## LoRA Fine-tuning of pruned LLMs
Here we provide the script for the lora fine-tuning experiments in the paper. The commands for reproducing our experiments are in [script.sh](script.sh).

This codebase is based on [run_clm.py](https://github.com/huggingface/transformers/tree/main/examples/pytorch/language-modeling#gpt-2gpt-and-causal-language-modeling). Here we adapt this code with LoRA fine-tuning on the C4 training dataset. Some custom changes we make in the code include:
- [loc 1](https://github.com/locuslab/wanda/blob/main/lora_ft/finetune_lm.py#L374): set up LLaMA-7B for LoRA fine-tuning;
- [loc 2](https://github.com/locuslab/wanda/blob/main/lora_ft/finetune_lm.py#L521): set up training arguments for Trainer.
- [loc 3](https://github.com/locuslab/wanda/blob/main/lora_ft/finetune_lm.py#L364): load the tokenizer from vicuna, which are the same as the original LLaMA tokenizer but also fix the issues of some special tokens.

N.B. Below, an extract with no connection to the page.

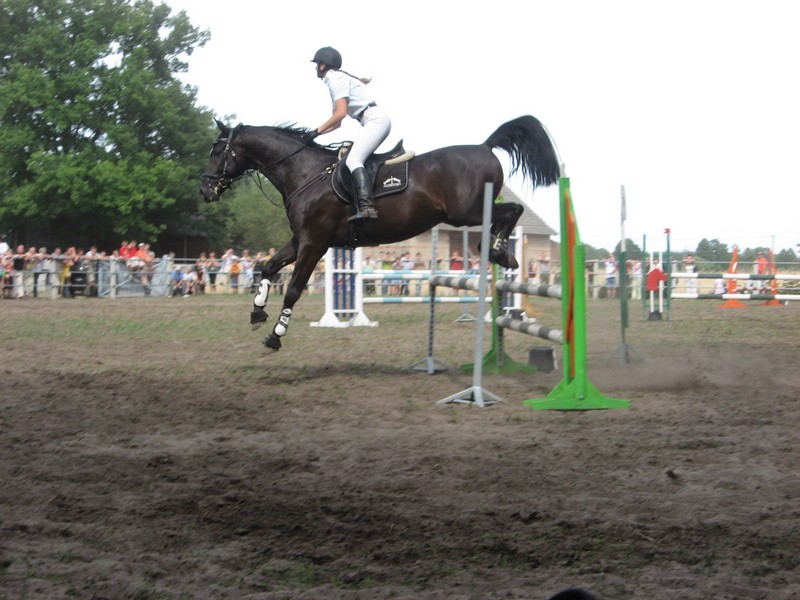 Konie - skoki - powiat ostrzeszowski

- [loc 4](https://github.com/locuslab/wanda/blob/main/lora_ft/finetune_lm.py#L319): load the c4 training dataset.

To train a LoRA adapter, run the command:
```sh
CUDA_VISIBLE_DEVICES=0 python finetune_lm.py \
    --model_name_or_path [PATH to load sparse pruned LLaMA-7B] \
    --config_name "decapoda-research/llama-7b-hf" \
    --dataset_name c4 \
    --num_train_epochs 1 \
    --block_size 1024 \
    --per_device_train_batch_size 1 \
    --per_device_eval_batch_size 8 \
    --do_train \
    --do_eval \
    --max_train_samples 30000 \
    --max_eval_samples 128 \
    --learning_rate 1e-4 \
    --overwrite_output_dir \
    --output_dir [PATH to save the LoRA weights]
```
We provide a quick overview of the arguments:  
- `--model_name_or_path`: The path/directory where pruned LLaMA-7B are saved with `model.save_pretrained(PATH)`.

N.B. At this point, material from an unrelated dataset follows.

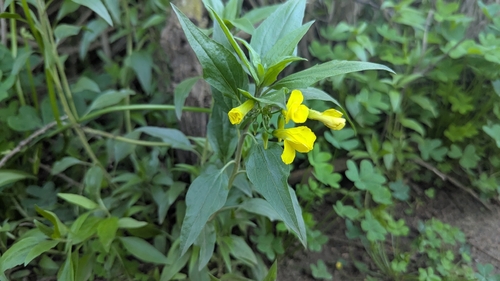 Camissoniopsis bistorta (California sun cup) (alternate view 3)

- `--block_size`: context size, if you have 80GB gpu, you can set it to 2048;
- `--max_train_samples`: the number of training sequences, 30000 would lead to roughly 12 hours of training on 1 GPU;
- `--learning_rate`: the learning rate for LoRA fine-tuning;

We provide the code to evaluate LoRA adapter on WikiText validation dataset in [evaluate_ppl.py](evaluate_ppl.py). For zero shot evaluation, additionally pass the `--eval_zero_shot` argument.